Why nuclear power is bad for your wallet and the climate


Does climate protection need more nuclear energy? No, just the opposite. Saving the most carbon per dollar per year requires not only generators that do not burn fossil fuels, but also those that can be deployed with the least amount of time and money. They are not nuclear.

Make 10% of the world and 20% of commercial electricity in the United States, nuclear power is historically important but is now stagnant. In 2020, its global capacity additions minus withdrawals totaled just 0.4 GW (billion watts). Renewables, on the other hand, added 278.3 GW, or 782 times the capacity, capable of producing around 232 times more electricity per year (based on U.S. performance in 2020 by technology). Renewable energies have inflated supply and displaced carbon every 38 hours like nuclear has done all year round.
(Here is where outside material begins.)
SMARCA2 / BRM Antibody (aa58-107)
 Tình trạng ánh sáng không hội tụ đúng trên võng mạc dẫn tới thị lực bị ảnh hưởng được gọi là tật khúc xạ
At the beginning of December, the score for 2021 looks like -3 GW nuclear, renewable energies +290 GW. Game over.

The world already invests $ 0.3 trillion each year, mostly voluntary private capital, in energy efficiency and renewables, but about $ 0.015 to $ 0.03 trillion, or 20 to 40 times less, in energy efficiency. nuclear, mostly enlisted, as investors were burnt. Of the 259 American power reactors ordered (1955-2016), only 112 were built and 93 remain operational; as of mid-2017, only 28 remained competitive and had no outages for more than a year. In the oil industry, this is called an 89% risk of dry holes.

Renewable energies have provided all of the world’s electricity growth in 2020. Nuclear power struggles to maintain its tiny margin share as its suppliers, culture and prospects shrivel. The world’s reactors are on average 31 years old, in the United States, 41 years old. In a few years, withdrawals of old, unprofitable reactors will constantly eclipse additions, tipping production into permanent decline. Global nuclear capacity has already fallen in five of the past 12 years for a net drop of 2%. Performance has become erratic: the average French reactor in 2020 was not producing anything a third of the time.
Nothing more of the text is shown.